══ Source information ══

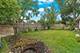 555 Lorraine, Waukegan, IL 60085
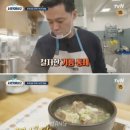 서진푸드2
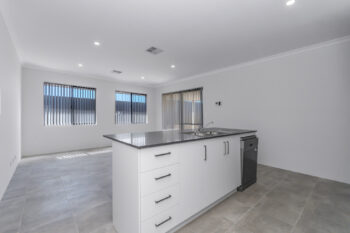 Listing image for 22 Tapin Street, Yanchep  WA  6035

═══
══ Source information ══

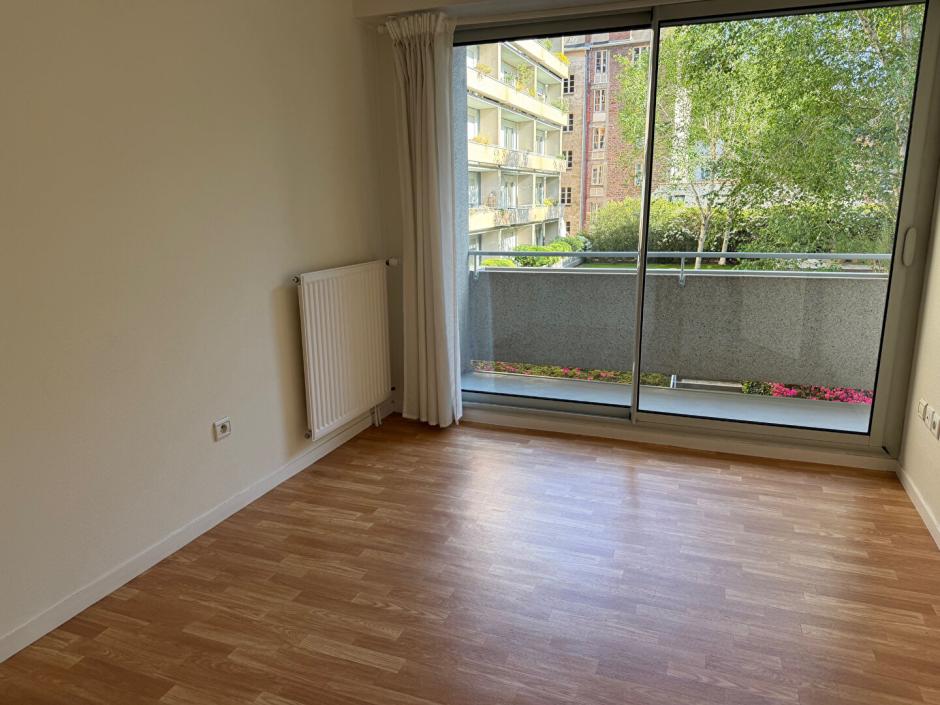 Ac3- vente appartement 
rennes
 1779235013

═══
══ Source information ══

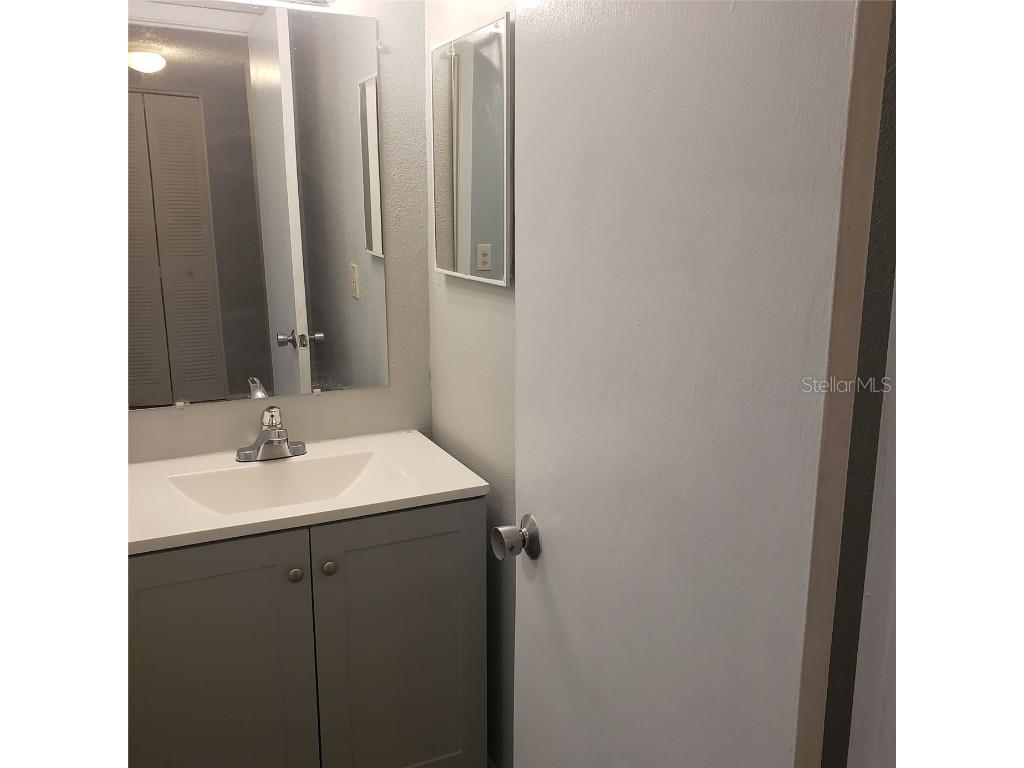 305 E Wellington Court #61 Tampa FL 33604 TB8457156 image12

═══

* _Brief_
Within the material above, only the stretch from the line holding "555 Lorraine, Waukegan, IL 60085" through the line holding "Listing image for" is to be restated exactly. Pictures are dropped.

* _Answer for this exercise_
 555 Lorraine, Waukegan, IL 60085
 서진푸드2
 Listing image for 22 Tapin Street, Yanchep  WA  6035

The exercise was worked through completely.